Notre exposé se divisera donc en deux parties, faisant chacune l’objet d’un développement séparé. Commençons par le dernier voyage missionnaire de saint Paul, pour achever avec l’emprisonnement de Paul à Rome.
A) Le dernier voyage missionnaire de saint Paul
Paul est passé par Éphèse avant de regagner Jérusalem, au terme de son second voyage apostolique (cf. Ac 18, 21-22). Après avoir séjourné quelque temps dans la Ville sainte, il « se mit en route, et parcourut successivement les pays des Galates et la Phrygie, affermissant tous les disciples » (Ac 18, 23). Saint Luc insère ici un événement intéressant à plus d’un titre. Il s’agit de l’apostolat que réalise à Éphèse « un Juif nommé Apollos, originaire d’Alexandrie », non seulement « homme éloquent », c’est-à-dire possédant outre la facilité de parole de nombreuses connaissances, mais aussi « versé dans les Écritures » (Ac 18, 24), connaissant les Livres sacrés dont l’enseignement était courant à Alexandrie. En effet, cette ville était le siège d’une communauté juive nombreuse et florissante et la Bible y avait été traduite en grec. Apollos « ne connaissait que le baptême de Jean » (Ac 18, 25), le Précurseur, ce qui montre déjà ses bonnes dispositions de fond. Il « enseignait avec exactitude ce qui concernait Jésus » (Ac 18, 25), donc probablement sa Résurrection et son Ascension. Mais il s’arrête là : il ignore l’existence de l’Esprit.
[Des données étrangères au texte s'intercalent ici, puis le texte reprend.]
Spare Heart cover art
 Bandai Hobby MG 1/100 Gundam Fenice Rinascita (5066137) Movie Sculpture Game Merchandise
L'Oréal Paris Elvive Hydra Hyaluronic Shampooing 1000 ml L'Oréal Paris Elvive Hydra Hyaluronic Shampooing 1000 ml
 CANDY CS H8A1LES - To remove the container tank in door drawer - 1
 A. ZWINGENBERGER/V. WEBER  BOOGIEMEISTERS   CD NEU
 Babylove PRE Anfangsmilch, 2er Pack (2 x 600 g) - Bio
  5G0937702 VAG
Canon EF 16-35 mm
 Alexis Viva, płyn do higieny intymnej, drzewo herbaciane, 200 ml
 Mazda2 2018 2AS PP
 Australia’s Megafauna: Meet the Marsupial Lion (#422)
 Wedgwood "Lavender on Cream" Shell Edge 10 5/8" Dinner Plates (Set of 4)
L’ayant écouté, deux époux chrétiens, Priscille et Aquila, « le prirent avec eux et lui enseignèrent plus à fond la voie du Seigneur » (Ac 18, 26). C’est un couple de chrétiens originaires de Corinthe qui ont accompagné Paul quand il a quitté cette ville à destination de la Syrie, comme nous le lisons quelques versets plus haut : Paul « prit congé des frères, et s’embarqua pour la Syrie avec Priscille et Aquila » (Ac 18, 18). Il est émouvant de constater le zèle apostolique de ce ménage, désireux de contribuer à une meilleure formation d’un homme plein de bonne volonté, certes, mais qui ignore encore certains aspects de la foi. Ils auraient pu le laisser tranquille et se contenter de penser que ce qu’il faisait n’était pas si mal que cela. Non ! Ils interviennent pour mieux le former. « Pour ma part, écrit saint Justin, pour eux [c’est-à-dire les Juifs et les hérétiques] comme pour vous, je fais tout l’effort possible pour les sortir de l’erreur, sachant que celui qui, pouvant dire la vérité, ne la dit pas, sera jugé par Dieu » [3]. Nous aurons l’occasion de revenir sur cette dimension missionnaire de notre vie. Mais nous voyons dès à présent l’importance de l’apostolat des laïcs, que le concile Vatican II a souligné dans son décret Apostolicam actuositatem : « L’apostolat des laïcs ne peut jamais manquer à l’Église, car il est une conséquence de leur vocation chrétienne. […] Les laïcs, rendus participants de la charge sacerdotale, prophétique et royale du Christ, assument dans l’Église et dans le monde leur part dans ce qui est la mission du Peuple de Dieu tout entier » [4].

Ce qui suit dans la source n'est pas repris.